La prime d’excellence scientifique est attribuée à certains chercheurs. De plus en plus d’entre eux la refusent pour protester contre une logique individualiste et compétitive.

En octobre dernier, Didier Chatenay, physicien et directeur de recherche au CNRS, était le premier à dire non. Non à la prime d’excellence scientifique (PES). Cette prime, allant de 3 500 euros à 25 000 euros par an, est versée aux enseignants-chercheurs « dont l’activité scientifique est jugée d’un niveau élevé », dixit le ministère de l’Enseignement supérieur, soit 20 % de chercheurs. En décembre dernier, un deuxième chercheur, François Bonhomme, médaillé d’argent en 1996, reçoit une lettre l’informant qu’il fait partie des bénéficiaires de la prime de 15 000 euros par an, étalée sur quatre ans. Bien que flatté par une telle gratification, François Bonhomme refuse et demande qu’elle soit versée à la Fondation de France qui poursuit, selon lui, des objectifs plus acceptables que ceux qui sous-tendent les actuelles réformes du système français de la recherche.

« Je ne suis pas du tout partisan de la politique de différenciation salariale qui est en train de se mettre en place dans la recherche publique française », explique-t-il dans une lettre au directeur général du CNRS. Il refuse, en somme, le principe d’une prime individuelle au mérite, qui induit « une mise systématique en concurrence soutenue des individus pour l’accès aux ressources […], porteuse d’abus, de déconvenues et d’effets pervers ».

Valérie Pécresse aimerait pourtant bien imposer des mesures de management aux universités.
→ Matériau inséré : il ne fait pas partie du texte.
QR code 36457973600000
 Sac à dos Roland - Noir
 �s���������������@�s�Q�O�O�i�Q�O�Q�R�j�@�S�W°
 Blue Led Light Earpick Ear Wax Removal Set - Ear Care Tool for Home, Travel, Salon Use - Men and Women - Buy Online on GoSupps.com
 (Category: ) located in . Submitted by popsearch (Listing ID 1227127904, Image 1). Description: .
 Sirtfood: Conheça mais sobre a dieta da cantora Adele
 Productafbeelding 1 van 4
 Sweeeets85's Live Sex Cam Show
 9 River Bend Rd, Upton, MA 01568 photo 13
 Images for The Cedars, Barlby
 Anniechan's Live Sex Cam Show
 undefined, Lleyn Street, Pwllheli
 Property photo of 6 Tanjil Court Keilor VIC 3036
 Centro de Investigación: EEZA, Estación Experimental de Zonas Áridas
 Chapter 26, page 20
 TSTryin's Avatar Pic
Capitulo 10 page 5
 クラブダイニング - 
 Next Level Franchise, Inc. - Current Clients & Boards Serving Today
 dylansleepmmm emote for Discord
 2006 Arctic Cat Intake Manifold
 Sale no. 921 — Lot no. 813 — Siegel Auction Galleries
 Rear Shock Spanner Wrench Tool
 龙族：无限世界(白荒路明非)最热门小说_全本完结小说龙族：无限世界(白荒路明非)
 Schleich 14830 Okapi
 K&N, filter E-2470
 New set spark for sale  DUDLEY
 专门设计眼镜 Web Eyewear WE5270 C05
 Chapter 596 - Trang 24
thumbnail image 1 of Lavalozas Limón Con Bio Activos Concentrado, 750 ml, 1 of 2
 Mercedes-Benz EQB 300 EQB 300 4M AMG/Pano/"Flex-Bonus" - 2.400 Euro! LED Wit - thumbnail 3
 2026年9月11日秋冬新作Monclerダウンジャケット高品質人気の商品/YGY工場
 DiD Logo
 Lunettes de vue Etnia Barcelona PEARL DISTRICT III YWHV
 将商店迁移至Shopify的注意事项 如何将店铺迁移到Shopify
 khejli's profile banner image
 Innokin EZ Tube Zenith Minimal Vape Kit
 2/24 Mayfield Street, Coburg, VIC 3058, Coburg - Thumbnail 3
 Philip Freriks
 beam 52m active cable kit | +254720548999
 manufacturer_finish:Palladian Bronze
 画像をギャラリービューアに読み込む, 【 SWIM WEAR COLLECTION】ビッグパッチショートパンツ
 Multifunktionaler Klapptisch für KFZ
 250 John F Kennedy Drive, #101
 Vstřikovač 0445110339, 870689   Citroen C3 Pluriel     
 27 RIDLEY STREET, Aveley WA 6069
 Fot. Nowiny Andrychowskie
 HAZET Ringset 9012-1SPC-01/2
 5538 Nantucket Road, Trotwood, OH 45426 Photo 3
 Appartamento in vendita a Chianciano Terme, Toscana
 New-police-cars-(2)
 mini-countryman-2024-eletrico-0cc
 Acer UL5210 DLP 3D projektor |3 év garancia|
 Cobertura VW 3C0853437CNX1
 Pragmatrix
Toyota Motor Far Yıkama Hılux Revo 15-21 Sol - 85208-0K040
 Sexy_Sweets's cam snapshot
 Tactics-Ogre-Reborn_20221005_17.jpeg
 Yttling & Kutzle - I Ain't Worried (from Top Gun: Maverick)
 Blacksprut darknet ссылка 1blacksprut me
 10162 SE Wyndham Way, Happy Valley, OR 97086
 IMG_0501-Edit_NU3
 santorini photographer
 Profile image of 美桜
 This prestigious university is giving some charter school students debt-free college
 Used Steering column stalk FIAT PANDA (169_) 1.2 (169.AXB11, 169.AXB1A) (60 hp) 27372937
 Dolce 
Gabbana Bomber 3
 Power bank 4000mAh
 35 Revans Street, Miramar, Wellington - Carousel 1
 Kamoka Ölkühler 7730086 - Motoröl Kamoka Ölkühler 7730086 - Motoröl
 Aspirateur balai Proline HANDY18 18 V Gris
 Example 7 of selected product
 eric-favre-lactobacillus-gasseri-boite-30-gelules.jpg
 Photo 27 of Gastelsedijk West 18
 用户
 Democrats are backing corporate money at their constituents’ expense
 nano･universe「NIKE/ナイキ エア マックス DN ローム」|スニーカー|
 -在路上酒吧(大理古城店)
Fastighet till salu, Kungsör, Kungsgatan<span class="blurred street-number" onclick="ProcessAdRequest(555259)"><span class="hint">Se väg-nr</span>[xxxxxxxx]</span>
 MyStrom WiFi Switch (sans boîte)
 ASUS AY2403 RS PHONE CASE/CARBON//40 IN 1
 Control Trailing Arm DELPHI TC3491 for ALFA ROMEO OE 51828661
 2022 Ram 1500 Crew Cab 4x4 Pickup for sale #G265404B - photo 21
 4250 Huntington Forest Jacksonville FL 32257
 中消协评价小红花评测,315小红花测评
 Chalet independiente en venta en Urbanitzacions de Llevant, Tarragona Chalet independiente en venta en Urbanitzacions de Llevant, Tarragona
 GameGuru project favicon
Persuadée que la mise en concurrence rend plus performant. Mais si les chercheurs sont à l’université, c’est précisément parce qu’elle n’est pas une entreprise. Depuis l’automne dernier, des motions sont votées et une pétition intersyndicale circule contre la PES. Perçue avant tout comme « un nouvel élément qui fragilise les statuts », la prime ne prend pas en compte le fait que « la recherche est un travail d’équipe. Cette démarche risque surtout de casser le dynamisme et la solidarité des collectifs de travail ».

Par ailleurs, les jeunes chercheurs, plus souvent contractuels que titulaires, auraient davantage besoin d’un soutien financier. Ce que souligne François Bonhomme, lorsqu’il suggère d’utiliser de telles sommes « à améliorer les promotions et les recrutements ».

D’autres chercheurs emboîtent le pas à leurs collègues. Ainsi, Laurent Mucchielli, médaille de bronze en sociologie en 2006, Claire Lemercier, médaille de bronze en histoire en 2008, et Karine Costuas, médaille de bronze en chimie en 2009, ont fait la même démarche. Un refus qui pourrait bien faire tache d’huile.